And now we come to the pierogi that I love. The simple but oh-SO-decadent potato pierogi.** I prefer them simply boiled, with sour cream. With loads of onions in the filling. Upon the recommendation of Anne Applebaum, whose From a Polish Country House Kitchen: 90 Recipes for the Ultimate Comfort Food guided our entire pierogi making adventure, we also added bacon. By which I mean bacon fat and crumbled bacon. Swoon. (Right about now my sister is loading her car with weapons and headed this way–because potato pierogi were the one kind Chris did not bring home for her to try. On accident. I swear.)
There is an added benefit to making sure potato is one of the fillings you try when you make pierogi. Using the leftovers to make potato pancakes. Oh yeah. Dare I say I liked these even better than the pierogi?
They were certainly easier, at any rate. Whichever way you prepare them, the result is delicious. I promise. Just don’t forget to share them with your sister.

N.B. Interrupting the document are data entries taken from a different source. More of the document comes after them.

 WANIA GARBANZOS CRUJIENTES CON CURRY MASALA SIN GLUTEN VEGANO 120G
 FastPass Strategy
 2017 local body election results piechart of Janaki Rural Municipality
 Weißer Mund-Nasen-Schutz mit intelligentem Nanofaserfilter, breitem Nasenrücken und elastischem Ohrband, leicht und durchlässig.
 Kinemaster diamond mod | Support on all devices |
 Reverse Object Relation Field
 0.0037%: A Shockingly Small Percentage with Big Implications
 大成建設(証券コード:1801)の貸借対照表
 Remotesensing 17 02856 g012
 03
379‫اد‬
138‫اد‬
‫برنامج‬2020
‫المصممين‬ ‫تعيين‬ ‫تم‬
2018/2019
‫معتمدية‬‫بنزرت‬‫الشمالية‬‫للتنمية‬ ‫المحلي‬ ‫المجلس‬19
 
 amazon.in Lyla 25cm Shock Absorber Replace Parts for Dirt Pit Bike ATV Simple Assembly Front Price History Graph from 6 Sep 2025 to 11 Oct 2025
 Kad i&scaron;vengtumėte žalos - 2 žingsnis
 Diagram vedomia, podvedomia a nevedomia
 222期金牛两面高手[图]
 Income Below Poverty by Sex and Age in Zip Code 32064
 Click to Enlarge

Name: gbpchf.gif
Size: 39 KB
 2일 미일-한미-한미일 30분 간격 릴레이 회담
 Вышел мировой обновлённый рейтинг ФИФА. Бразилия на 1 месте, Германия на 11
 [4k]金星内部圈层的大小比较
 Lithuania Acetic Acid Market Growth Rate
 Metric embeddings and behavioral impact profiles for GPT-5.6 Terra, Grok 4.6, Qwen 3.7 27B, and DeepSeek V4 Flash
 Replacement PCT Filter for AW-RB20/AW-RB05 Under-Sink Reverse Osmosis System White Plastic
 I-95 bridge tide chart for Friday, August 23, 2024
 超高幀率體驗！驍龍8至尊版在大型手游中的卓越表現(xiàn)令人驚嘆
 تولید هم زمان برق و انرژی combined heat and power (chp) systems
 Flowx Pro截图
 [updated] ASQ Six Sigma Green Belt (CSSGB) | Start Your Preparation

Seriously.
- 3 medium potatoes peeled and boiled in salted water until tender
- 6 strips of bacon
- 2 medium large onions finely diced
- 8 oz cheddar cheese grated (ricotta would be more traditional but we preferred cheddar)
- salt and pepper to taste
- 1 T unsalted butter
- flour for dredging
- oil for frying
Cut the cooked potato into chunks and place in a large bowl (you can mash and mix by hand, or, do as we did, and use your mixer). Mash the potatoes with the tablespoon of butter (it will melt from the heat of the potatoes).
Cook the bacon until crispy. Set aside to drain and cool on a paper towel lined plate.
Pour about 1-2 tablespoons of the bacon grease into the potatoes. Leave 1-2 tablespoons in the pan.
Heat the pan back up and add the onions with a pinch of salt. Cook until translucent.
While the onions are cooking, crumble the bacon and add it to the potatoes.
Add the shredded cheese to the potatoes. Mix everything thoroughly.
When the onions are lightly browned, add them to the potatoes. Mix.
Taste for salt and pepper (it should not need much salt thanks to the bacon and cheese).
The filling is now ready to be used in pierogi.
If using to make potato pancakes, let the filling cool until it is handle-able. Form patties in your hands and then lightly dredge in flour. Fry on medium high heat in pre-heated oil until browned on both sides.
**By the way, your pierogi should be a complete round. Of course the one nice shot I got of the filling on the uncooked pasta dough is a round that looks like it was folded under on one end and I never noticed!